Brasília, 13/07/2026

Michelle decidirá com Bolsonaro a candidatura ao Senado pelo DF

A ex-primeira-dama Michelle Bolsonaro (PL) ainda não definiu se disputará uma vaga ao Senado pelo Distrito Federal nas eleições deste ano. Segundo aliados, a possibilidade permanece indefinida, com avaliações divididas entre a conveniência e os desafios de uma candidatura. A decisão final será tomada em conjunto com o ex-presidente Jair Bolsonaro. Com informações da CNN Brasil

Nos bastidores, integrantes do PL afirmam que Michelle pretende avaliar os impactos práticos da campanha sobre sua agenda nacional. Caso concorra ao Senado, ela terá de conciliar os compromissos eleitorais no Distrito Federal com as viagens pelo país para apoiar candidatos da legenda, função que vem desempenhando desde que assumiu protagonismo político dentro do partido.

Outro fator considerado decisivo é a situação de Jair Bolsonaro. Desde que o ex-presidente passou a cumprir prisão domiciliar, Michelle tem dedicado parte significativa do tempo aos seus cuidados, reduzindo sua disponibilidade para atividades políticas e deslocamentos.

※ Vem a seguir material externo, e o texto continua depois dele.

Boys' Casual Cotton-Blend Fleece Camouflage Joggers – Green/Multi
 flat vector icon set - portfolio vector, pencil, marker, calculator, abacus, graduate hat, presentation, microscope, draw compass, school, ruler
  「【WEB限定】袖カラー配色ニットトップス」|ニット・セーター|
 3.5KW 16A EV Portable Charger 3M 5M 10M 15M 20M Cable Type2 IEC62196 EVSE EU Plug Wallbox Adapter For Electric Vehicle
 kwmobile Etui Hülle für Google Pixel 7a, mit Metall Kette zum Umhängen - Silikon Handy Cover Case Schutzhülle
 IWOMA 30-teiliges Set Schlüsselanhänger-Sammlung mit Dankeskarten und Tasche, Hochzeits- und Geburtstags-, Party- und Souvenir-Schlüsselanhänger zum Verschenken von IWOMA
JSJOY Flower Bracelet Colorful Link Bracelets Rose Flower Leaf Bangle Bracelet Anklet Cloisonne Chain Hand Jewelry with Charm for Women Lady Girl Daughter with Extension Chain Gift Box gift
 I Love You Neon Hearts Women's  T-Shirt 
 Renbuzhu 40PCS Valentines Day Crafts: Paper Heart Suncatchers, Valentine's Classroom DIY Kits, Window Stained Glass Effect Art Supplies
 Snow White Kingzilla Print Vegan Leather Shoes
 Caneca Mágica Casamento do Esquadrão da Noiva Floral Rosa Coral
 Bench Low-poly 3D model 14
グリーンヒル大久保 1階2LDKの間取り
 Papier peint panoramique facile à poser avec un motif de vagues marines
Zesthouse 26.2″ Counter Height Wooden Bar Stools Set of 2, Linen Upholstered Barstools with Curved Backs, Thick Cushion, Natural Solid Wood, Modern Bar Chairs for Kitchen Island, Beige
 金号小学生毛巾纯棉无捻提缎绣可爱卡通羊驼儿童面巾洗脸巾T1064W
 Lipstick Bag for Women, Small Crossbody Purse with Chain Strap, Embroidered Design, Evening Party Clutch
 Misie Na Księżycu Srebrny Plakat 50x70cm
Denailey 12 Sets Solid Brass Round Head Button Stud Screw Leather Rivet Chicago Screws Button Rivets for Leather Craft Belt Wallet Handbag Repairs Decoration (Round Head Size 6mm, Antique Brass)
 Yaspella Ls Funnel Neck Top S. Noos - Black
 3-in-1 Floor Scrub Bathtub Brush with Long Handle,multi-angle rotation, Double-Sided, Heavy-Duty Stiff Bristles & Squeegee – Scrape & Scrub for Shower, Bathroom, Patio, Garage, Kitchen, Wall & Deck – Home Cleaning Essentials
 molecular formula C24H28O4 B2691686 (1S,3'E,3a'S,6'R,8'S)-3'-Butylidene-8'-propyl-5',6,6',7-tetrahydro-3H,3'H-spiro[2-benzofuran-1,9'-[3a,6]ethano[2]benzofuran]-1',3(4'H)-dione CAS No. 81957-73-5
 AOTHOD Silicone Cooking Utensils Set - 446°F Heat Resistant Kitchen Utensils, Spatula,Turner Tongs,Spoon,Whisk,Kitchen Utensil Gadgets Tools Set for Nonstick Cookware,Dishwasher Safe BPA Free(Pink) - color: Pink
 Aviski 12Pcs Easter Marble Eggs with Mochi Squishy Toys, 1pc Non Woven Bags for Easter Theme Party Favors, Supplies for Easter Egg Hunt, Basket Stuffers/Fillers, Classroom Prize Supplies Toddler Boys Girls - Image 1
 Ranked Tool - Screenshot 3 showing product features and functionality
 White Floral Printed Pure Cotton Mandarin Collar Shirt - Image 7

A decisão judicial que concedeu a prisão domiciliar, mantida por tempo indeterminado pelo ministro Alexandre de Moraes, estabelece que Bolsonaro só pode receber familiares e advogados, além de manter restrições ao uso de celulares e das redes sociais. A defesa chegou a pedir a ampliação das regras de visitação para permitir livre acesso dos filhos do ex-presidente, mas o pedido foi rejeitado pelo ministro.

A expectativa entre dirigentes do PL é de que Michelle anuncie sua decisão antes do período das convenções partidárias, marcado entre 20 de julho e 5 de agosto. A definição é considerada estratégica para o partido, que pretende fortalecer sua chapa ao Senado no Distrito Federal.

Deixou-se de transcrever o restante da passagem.